* Pictures with short captions
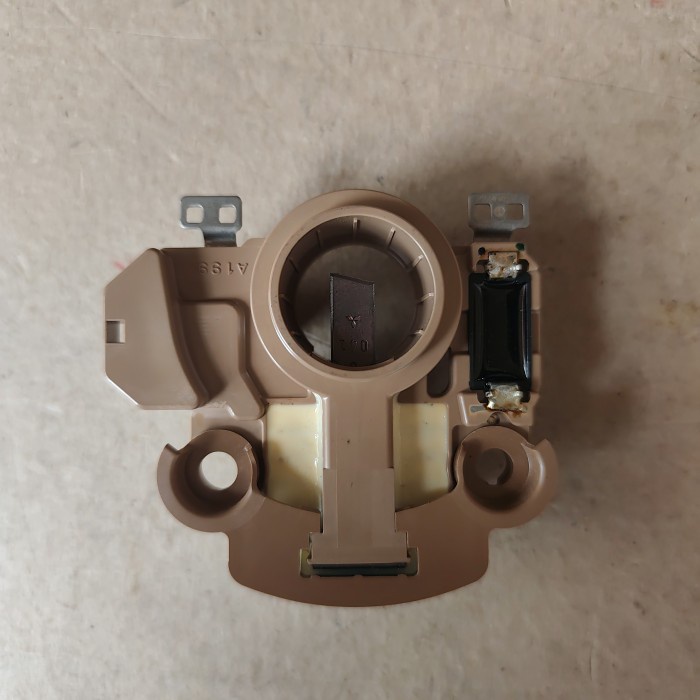 Ic Regulator Dinamo Ampere Alternator Suzuki Carry Futura Injection Original (Laik Pakai)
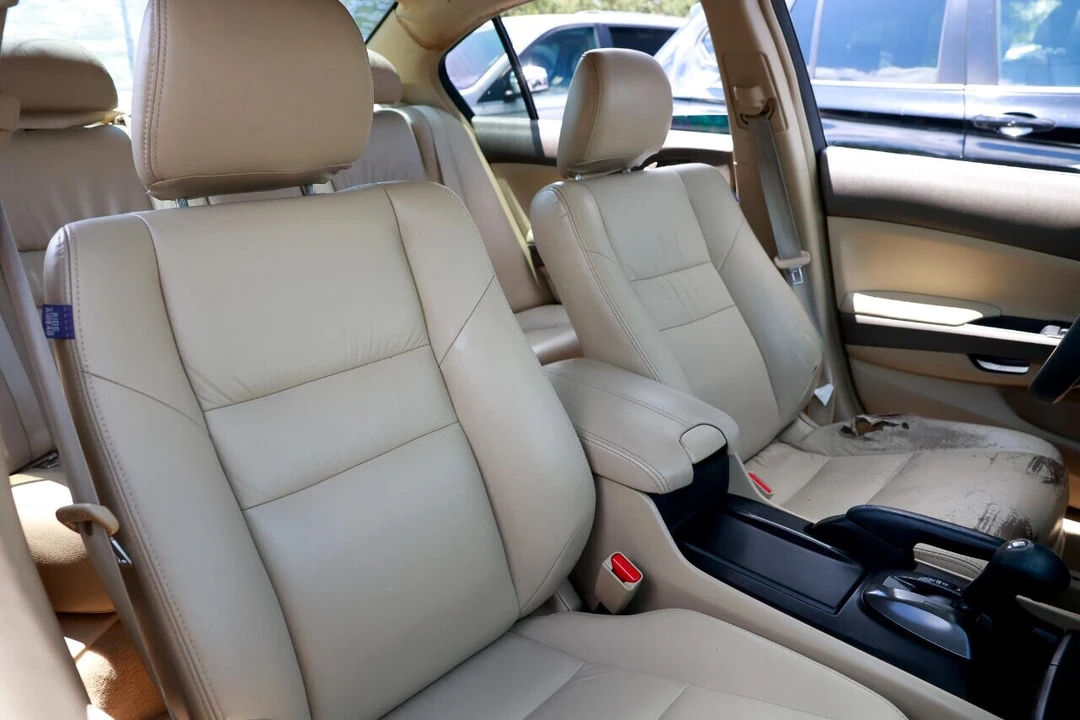 2009 Honda Accord 8th Gen - Image 16 of 21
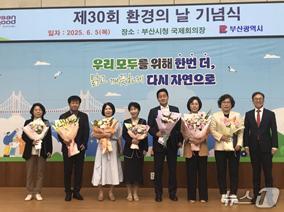 강경옥 해운대구 교통환경국장(왼쪽에서 세번째)이 부산시 환경보전분야 구·군 종합평가 시상식에서 기념 촬영을 하고 있다.(해운대구청 전경. 재판매 및 DB 금지)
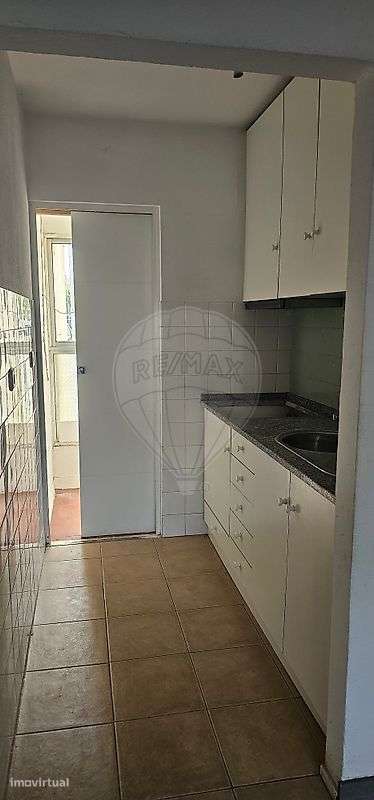 Apartamento T0 para arrendamento - Grande imagem: 4/19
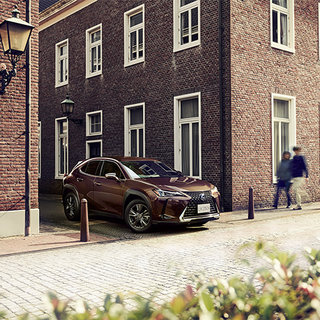 レクサスUXにシックなブラウンをインテリアに取り入れた特別仕様車｜Lexus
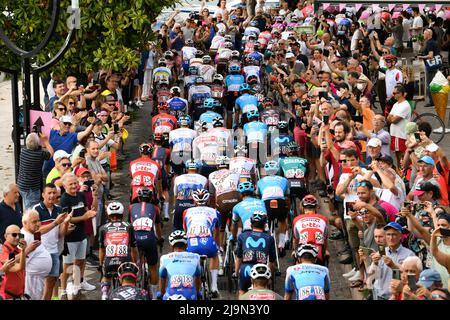 Foto Massimo Paolone/Lapresse 24 Maggio 2022 Salò, Italia sport ciclismo Giro d'Italia 2022 - edizione 105 - taya 16 - Salò - Aprica (Sforzato Wine Stage) Nella foto: la partenza della gara photo Massimo Paolone/Lapresse 24 mai 2022 Salò, Italie sport Cyclisme Giro d'Italia 2022 - 105th édition - étape 16 - de Salò à Aprica (Sforzato Wine Stage) dans le pic: Le début de la course/ (photo: La presse / PRESSINPHOTO) Banque D'Images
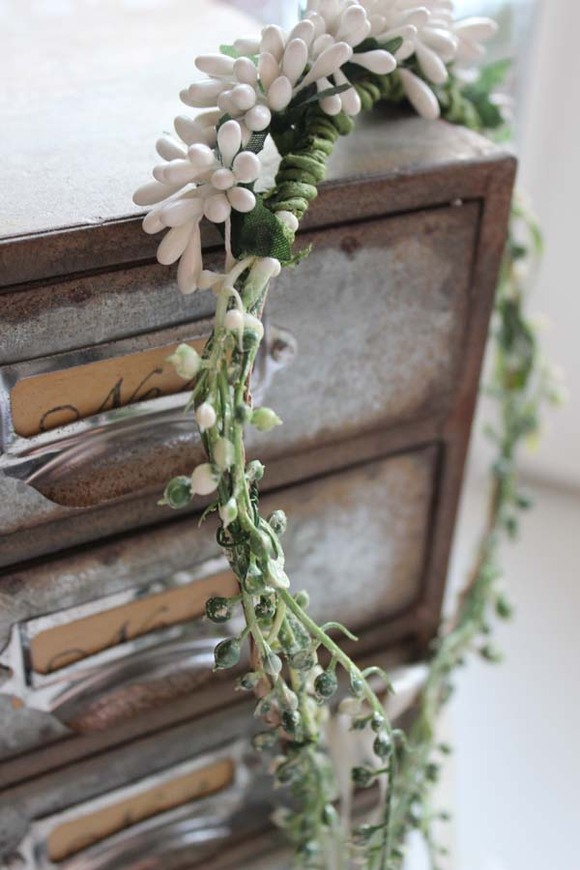 biały komunijny wianek na głowę, Laura, rozmiar uniwersalny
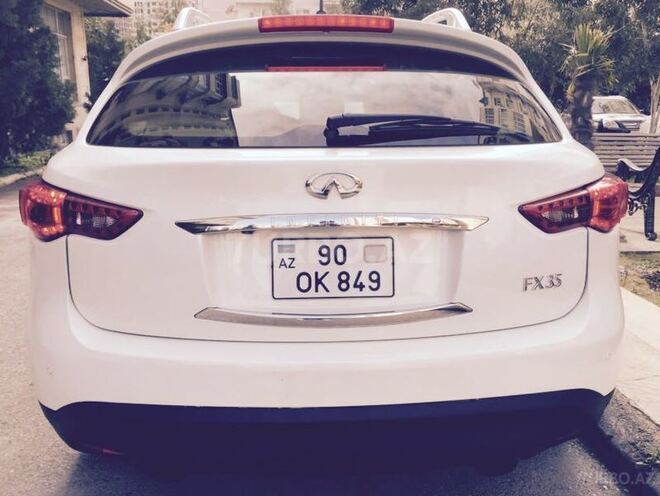 Infiniti FX35 2009, 121,607 km - 3.5 л - Bakı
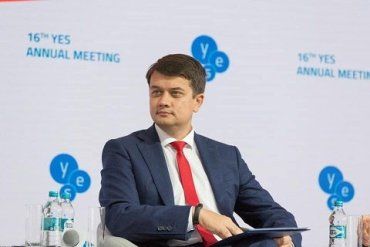 Спикер ВР Разумков подписал закон об особой процедуре устранения Президента с поста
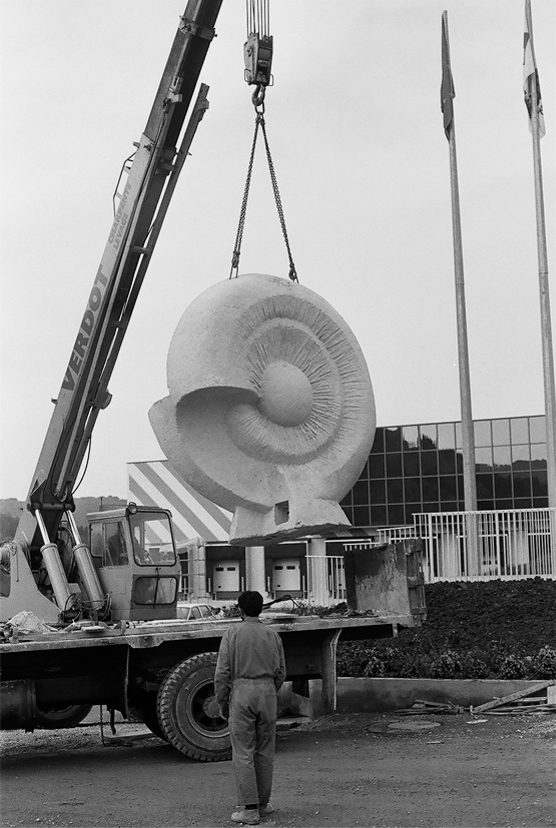 1988 Quadrature 2 H=3m15 — sculpture de Paul Gonez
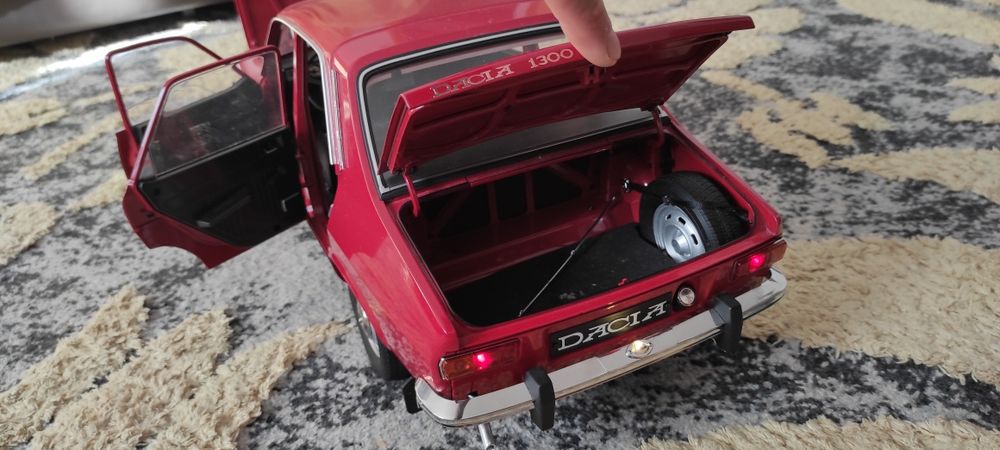 Macheta Dacia 1300 scara 1:8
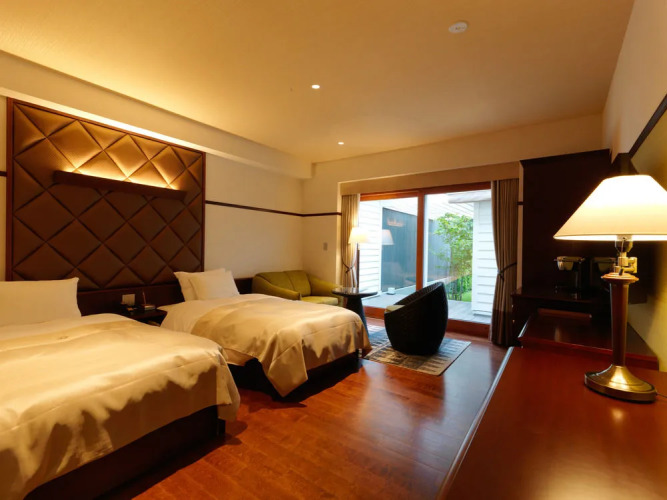 Onuma Tsuruga Auberge EpuyOver view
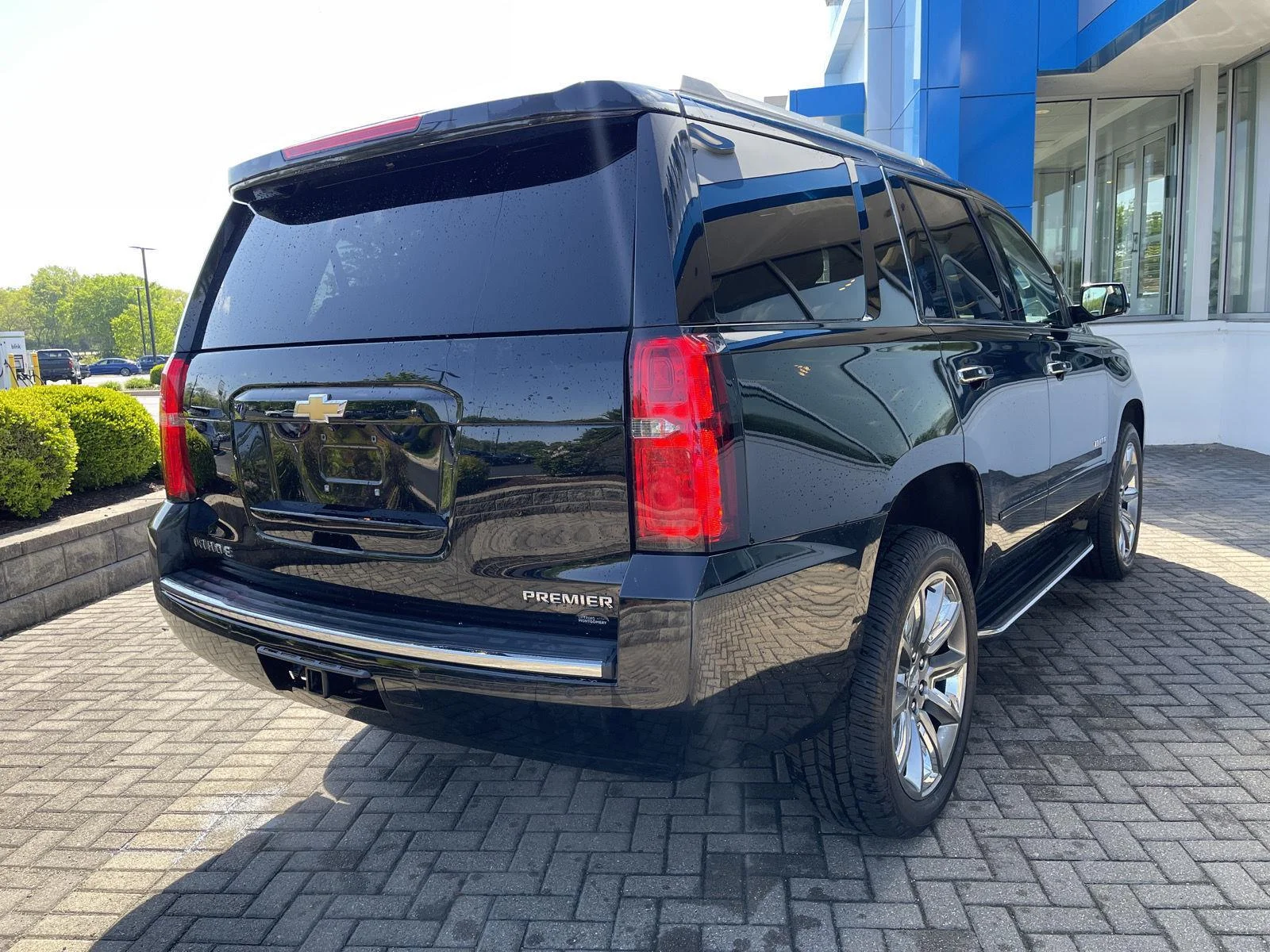 Used 2020 Black Chevrolet Premier image 5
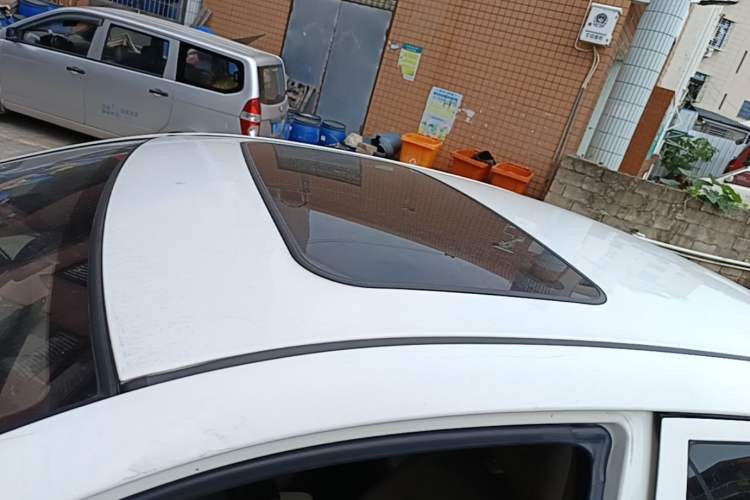 Used Toyota Corolla EX 2013 1.6L Automatic Excellence Edition Roof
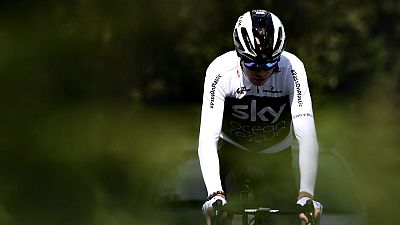 El vigente campeón, el discutido Chris Froome (Sky), busca  engrosar los libros de oro del Tour de Francia, del 7 al 29 de julio,  con un quinto amarillo en París frente a un pelotón de favoritos,  entre ellos el italiano Vincenzo Nibali (Bahrain) o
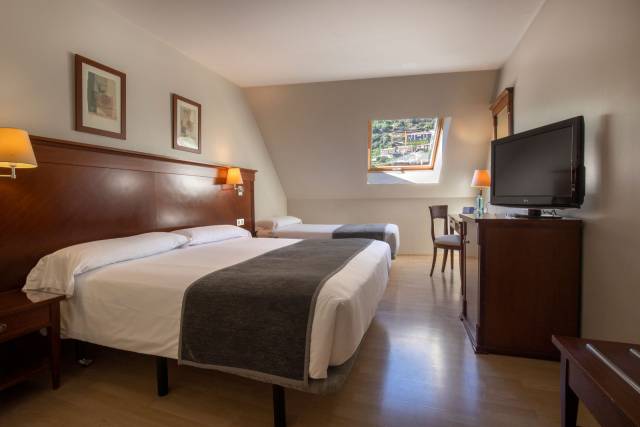 Quarto triplo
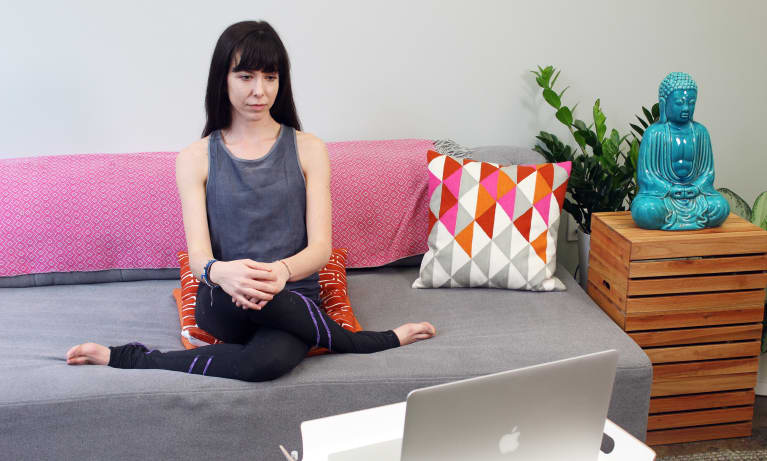 Sitting Positions For Better Posture While You Watch Tv Mindgreen Gomukhasana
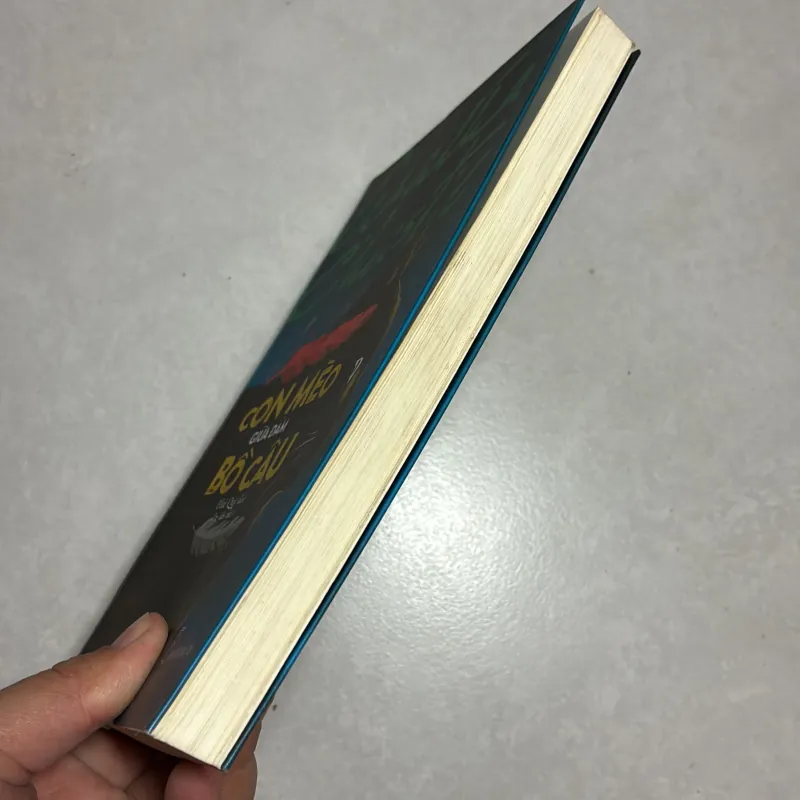 Con mèo giữa đám bồ câu - Agatha Christie 777740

* Problem requirements
Pictures excluded, reproduce only the part above that opens with the line holding "강경옥 해운대구 교통환경국장(왼쪽에서" and closes with the line holding "レクサスUXにシックなブラウンをインテリアに取り入れた特別仕様車｜Lexus", exactly as written.

* Answer for the task
 강경옥 해운대구 교통환경국장(왼쪽에서 세번째)이 부산시 환경보전분야 구·군 종합평가 시상식에서 기념 촬영을 하고 있다.(해운대구청 전경. 재판매 및 DB 금지)
 Apartamento T0 para arrendamento - Grande imagem: 4/19
 レクサスUXにシックなブラウンをインテリアに取り入れた特別仕様車｜Lexus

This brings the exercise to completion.